The problem: Take nothing but the lines from the one with "Trophy Club Youth" through the one with "Pudełko kartonowe MAXI" in the entries below, both ends kept, and return them exactly with pictures left out.
Dataset excerpts START
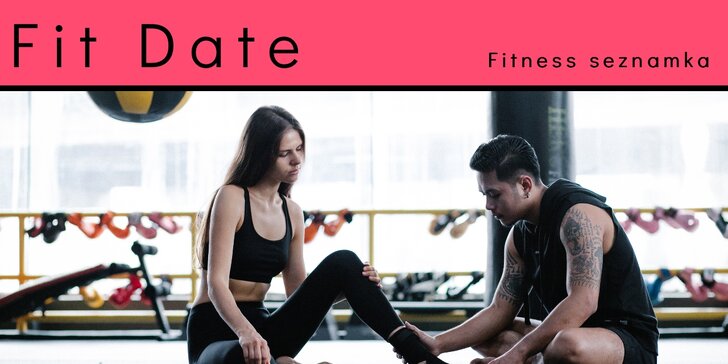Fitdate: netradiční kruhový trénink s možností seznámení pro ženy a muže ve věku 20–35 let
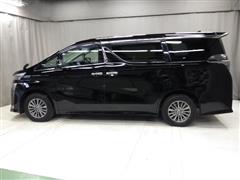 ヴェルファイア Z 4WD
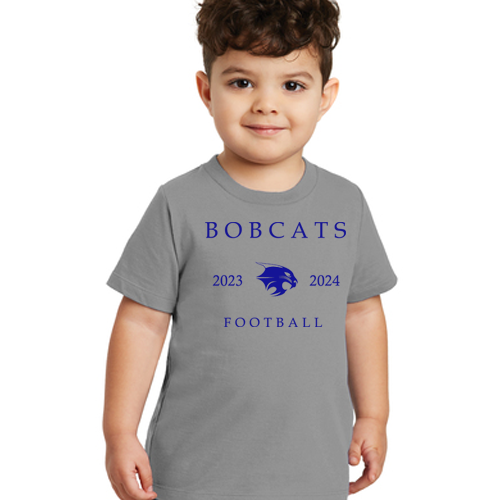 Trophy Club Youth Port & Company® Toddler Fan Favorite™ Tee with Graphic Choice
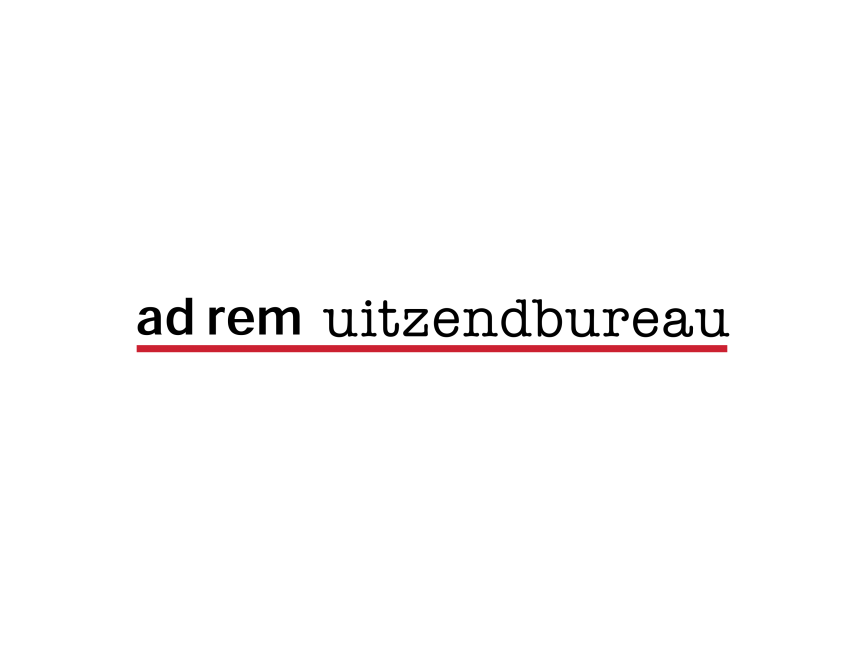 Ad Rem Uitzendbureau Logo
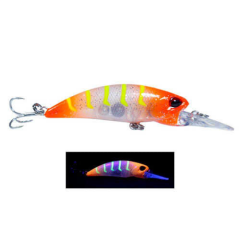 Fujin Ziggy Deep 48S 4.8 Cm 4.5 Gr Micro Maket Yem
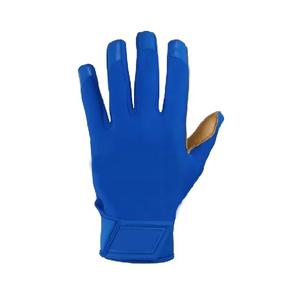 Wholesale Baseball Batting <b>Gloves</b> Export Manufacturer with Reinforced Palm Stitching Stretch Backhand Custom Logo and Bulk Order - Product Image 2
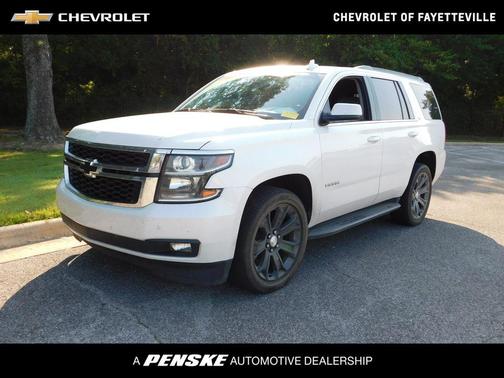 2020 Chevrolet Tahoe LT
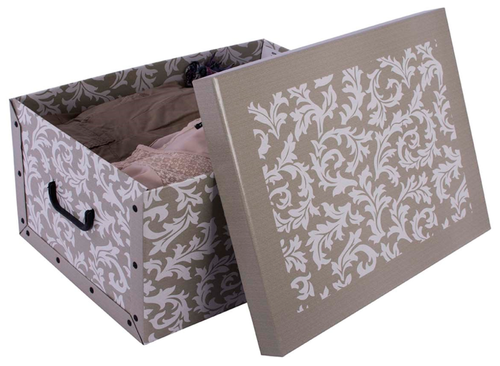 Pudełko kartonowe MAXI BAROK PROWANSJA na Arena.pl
Dataset excerpts END
Dataset excerpts START
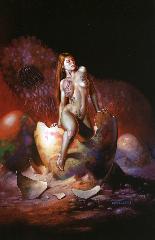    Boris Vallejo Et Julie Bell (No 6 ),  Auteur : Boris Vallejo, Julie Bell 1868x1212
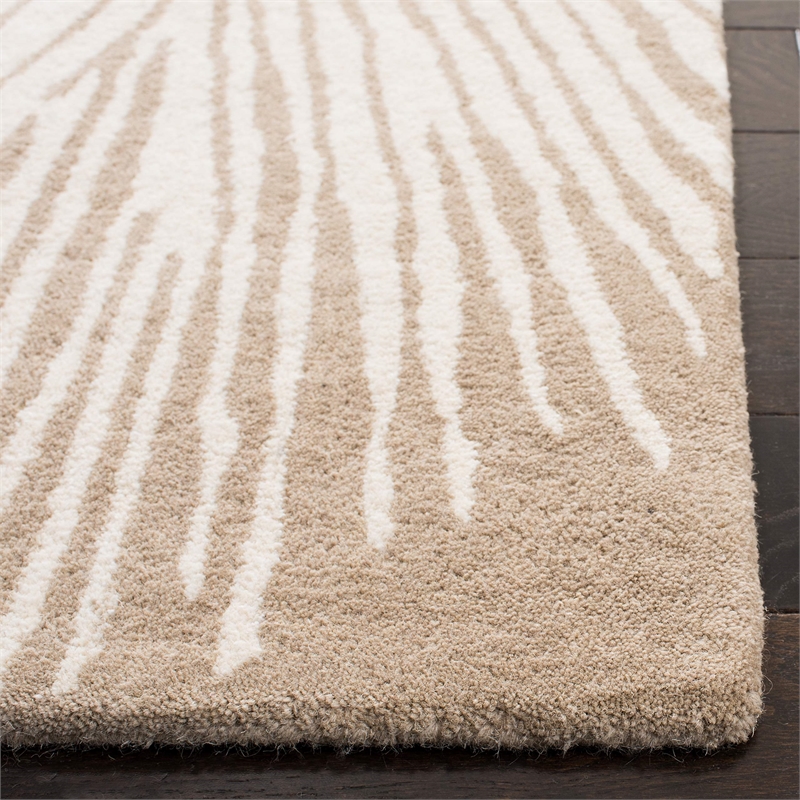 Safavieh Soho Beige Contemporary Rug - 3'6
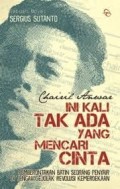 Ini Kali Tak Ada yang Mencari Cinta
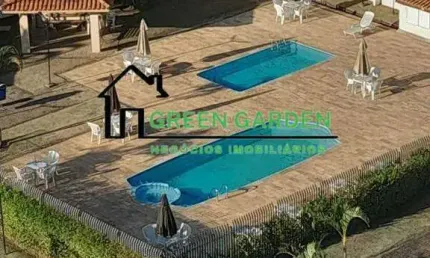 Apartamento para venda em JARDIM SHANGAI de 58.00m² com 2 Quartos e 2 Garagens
Dataset excerpts END
Answer to the exercise:
 Trophy Club Youth Port & Company® Toddler Fan Favorite™ Tee with Graphic Choice
 Ad Rem Uitzendbureau Logo
 Fujin Ziggy Deep 48S 4.8 Cm 4.5 Gr Micro Maket Yem
 Wholesale Baseball Batting <b>Gloves</b> Export Manufacturer with Reinforced Palm Stitching Stretch Backhand Custom Logo and Bulk Order - Product Image 2
 2020 Chevrolet Tahoe LT
 Pudełko kartonowe MAXI BAROK PROWANSJA na Arena.pl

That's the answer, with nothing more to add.